• _Provided material_
------------------------------------

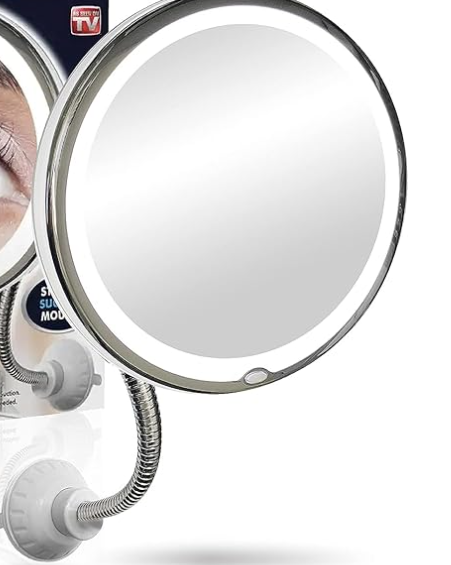 Souqzila Ultra Flexible Adjustable Makeup Mirror with Bright LED Light for Precision Beauty Applications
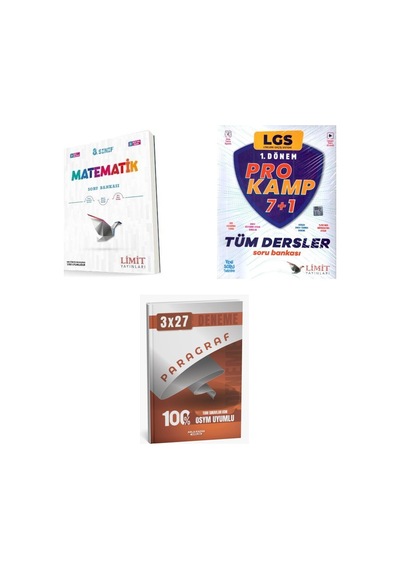2027 8. Sınıf/lgs Limit Matematik Soru + Prokamp Tüm Dersler Soru + Anla Kazan Paragraf Deneme 3'lü Set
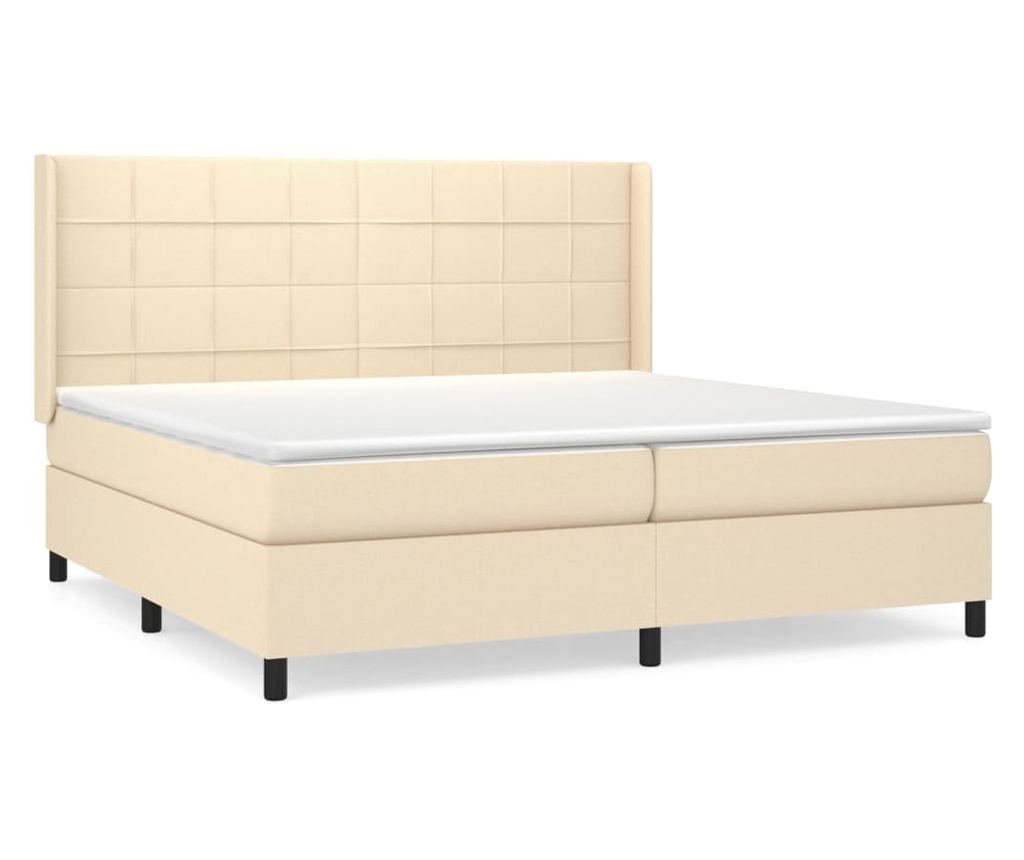 Боксспринг легло с матрак, крем, 200x200 см, текстил - 2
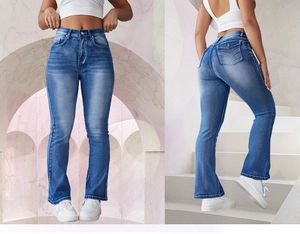 Detailed front and back view of high waisted flared jeans with V-shaped back pocket stitching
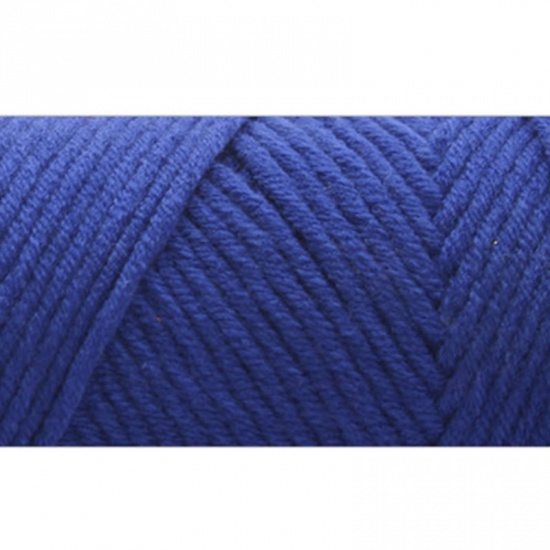 Image de Fil à Tricoter Super Doux en Coton Bleu Foncé 3mm, 1 Pelote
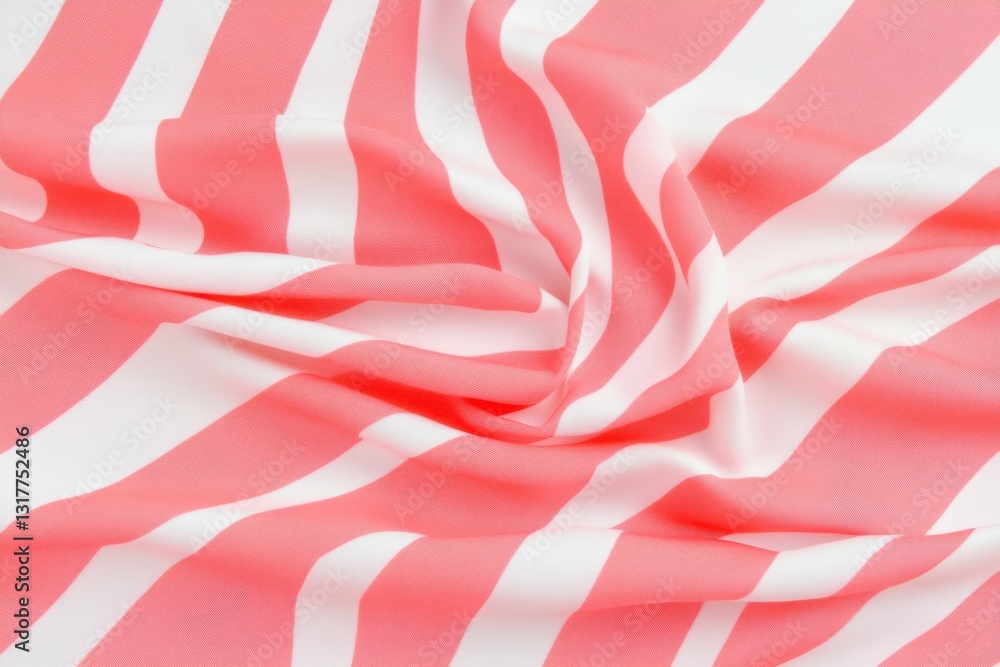 Fototapeta premium Trendy blush and red striped fabric pattern elegantly draped, showcasing a luxurious texture ideal for fashion and textile branding projects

------------------------------------

• _About this exercise_
Keep the pictures out and repeat exactly the lines from the beginning of the data through the line that contains "Detailed front and", both ends included.

• _Written reply_
 Souqzila Ultra Flexible Adjustable Makeup Mirror with Bright LED Light for Precision Beauty Applications
2027 8. Sınıf/lgs Limit Matematik Soru + Prokamp Tüm Dersler Soru + Anla Kazan Paragraf Deneme 3'lü Set
 Боксспринг легло с матрак, крем, 200x200 см, текстил - 2
 Detailed front and back view of high waisted flared jeans with V-shaped back pocket stitching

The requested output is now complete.